The user gets a slightly worse experience instead of an error page. Define fallback strategies for every non-critical dependency.

The Saga Pattern

For distributed transactions, use Sagas — a sequence of local transactions with compensating actions for rollback:

type Step struct {
    Name       string
    Execute    func(ctx context.Context) error
    Compensate func(ctx context.Context) error
}

type Saga struct {
    steps     []Step
    completed []Step
}

func (s *Saga) Run(ctx context.Context) error {
    for _, step := range s.steps {
        if err := step.Execute(ctx); err != nil {
            slog.Error("saga step failed, compensating",
                "step", step.Name,
                "error", err,
            )
            return s.compensate(ctx, err)
        }
        s.completed = append(s.completed, step)
    }
    return nil
}

func (s *Saga) compensate(ctx context.Context, originalErr error) error {
    // Run compensations in reverse order
    for i := len(s.completed) - 1; i >= 0; i-- {
        step := s.completed[i]
        if step.Compensate == nil {
            continue
        }
        if err := step.Compensate(ctx); err != nil {
            slog.Error("compensation failed",
                "step", step.Name,
                "error", err,
            )
            // Log and continue — best effort compensation
        }
    }
    return originalErr
}

Usage for an order placement flow:

saga := &Saga{
    steps: []Step{
        {
            Name:       "reserve_inventory",
            Execute:    func(ctx context.Context) error { return inventory.Reserve(ctx, items) },
            Compensate: func(ctx context.Context) error { return inventory.Release(ctx, items) },
        },
        {
            Name:       "charge_payment",
            Execute:    func(ctx context.Context) error { return payment.Charge(ctx, amount) },
            Compensate: func(ctx context.Context) error { return payment.Refund(ctx, amount) },
        },
        {
            Name:    "create_order",
            Execute: func(ctx context.Context) error { return orders.Create(ctx, order) },
            // No compensation — order creation is the final step
        },
    },
}

if err := saga.Run(ctx); err != nil {
    return fmt.Errorf("order placement failed: %w", err)
}

If payment fails after inventory is reserved, the saga automatically releases the inventory.

Timeouts Everywhere

Every external call needs a timeout.

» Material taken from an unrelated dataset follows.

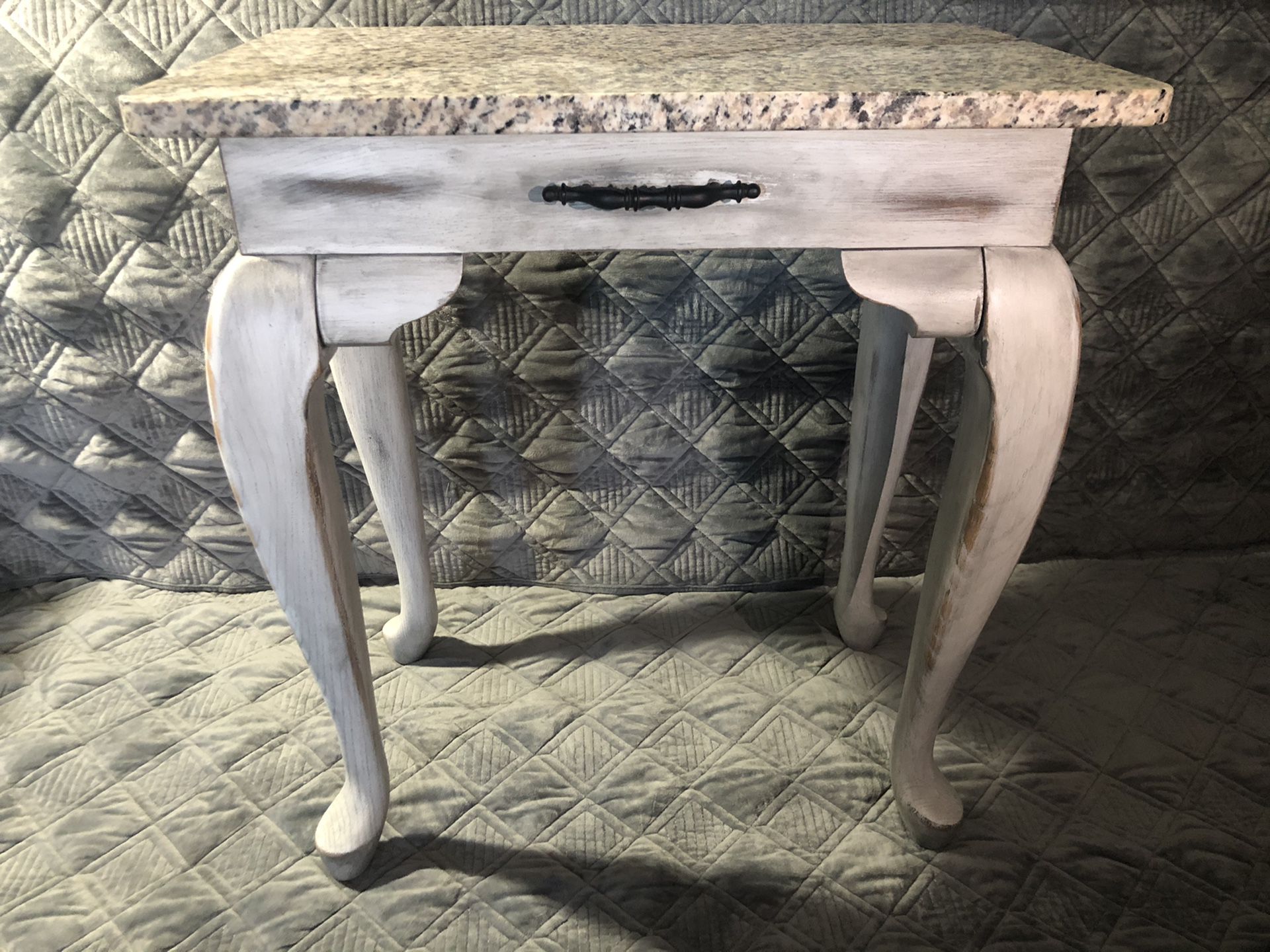 Distressed Mini Table with Granite Top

No exceptions.

func (c *Client) GetUser(ctx context.Context, id string) (*User, error) {
    ctx, cancel := context.WithTimeout(ctx, 3*time.Second)
    defer cancel()

    req, _ := http.NewRequestWithContext(ctx, "GET",
        fmt.Sprintf("%s/users/%s", c.baseURL, id), nil)

    resp, err := c.httpClient.Do(req)
    if err != nil {
        return nil, fmt.Errorf("get user: %w", err)
    }
    defer resp.Body.Close()

    if resp.StatusCode != http.StatusOK {
        return nil, &HTTPError{StatusCode: resp.StatusCode}
    }

    var user User
    json.NewDecoder(resp.Body).Decode(&user)
    return &user, nil
}

Default HTTP client timeout + per-request context timeout + connection pool idle timeout. Layer timeouts so there’s always a safety net.

Designing for partial failure isn’t optional in distributed systems. It’s the default state. Circuit breakers, retries, fallbacks, and sagas are the tools that turn chaos into degraded-but-functional systems.